You don’t need to click to submit anything. Your assignment will be automatically submitted when you commit AND push your changes to GitHub. You can push your changes as many times as you want before the deadline. We will only grade the last version of your assignment.

✔️ How we will grade your work

We won’t! This is formative. But you will get feedback on your answers. It won’t be super detailed at this stage, but it should give you an idea of how you are doing.

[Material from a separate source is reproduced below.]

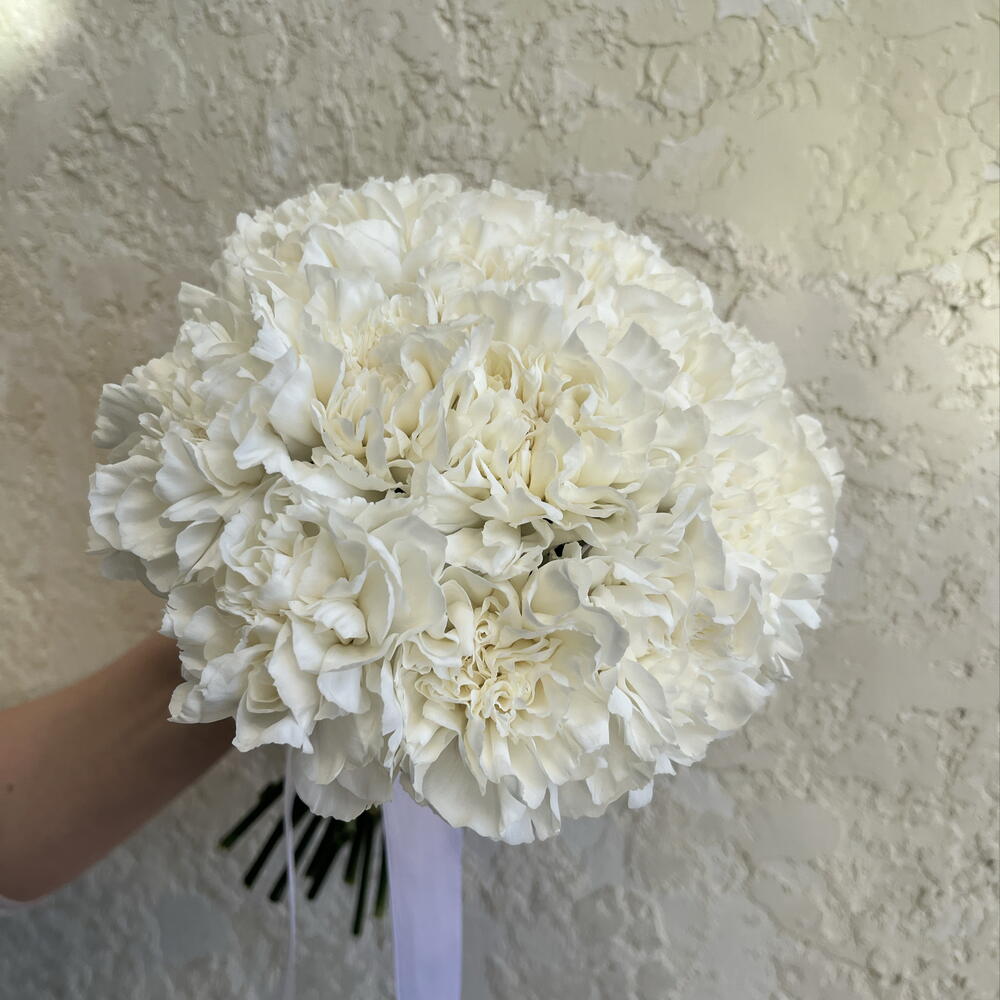 Bridal bouquet with white dianthus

👉 Note: Completing this assignment will count towards your final class grade if you are a General Course or Exchange student. It will still count as submitted even if you submit just a few coding responses.

📚 Tasks

The questions below will build on your code from 💻 W02 Lab and W03 Labs.

About the Data

We will use a data set from the UC Irvine Machine Learning Repository for this assignment. It’s a dataset that looks at student achievement in mathematics in secondary education of two Portuguese schools. You can download the dataset by clicking on the button below:

See here to find out more about the data.

Question 1

Load the data and look through the documentation in the link above. Rename the variable that represents the final grade to finalgrade.

Question 2

Create a new data frame, keeping only students from GP school, and with the columns age, freetime, goout, traveltime, studytime, health, and finalgrade. Ideally, implement all these steps seamlessly using the pipe operator.

Finally, show the first 10 rows of this data frame as output.

Question 3

Based on travel time and study time, what were the average final grades?

What is the combination of both that leads to the highest average final grades?

Question 4

Use the data frame you created in Q2 and plot a chart to show how the the final grade changes with study time. Set an appropriate title for both the plot and the axes. Any additional visual improvements are welcome, too, but entirely optional.

Based on the plot, is there an obvious relationship between these variables?

Question 5

Split your data frame from Q2 into training and testing sets. Build a multivariate linear model on the training set in order to predict final grades, and evaluate the model on the test set using the metric RMSE. How does this model perform at predicting student’s final grades?

If you feel motivated, answer this slightly more advanced question instead: Take a closer look at the error terms of your model. What insights can you gain from this plot?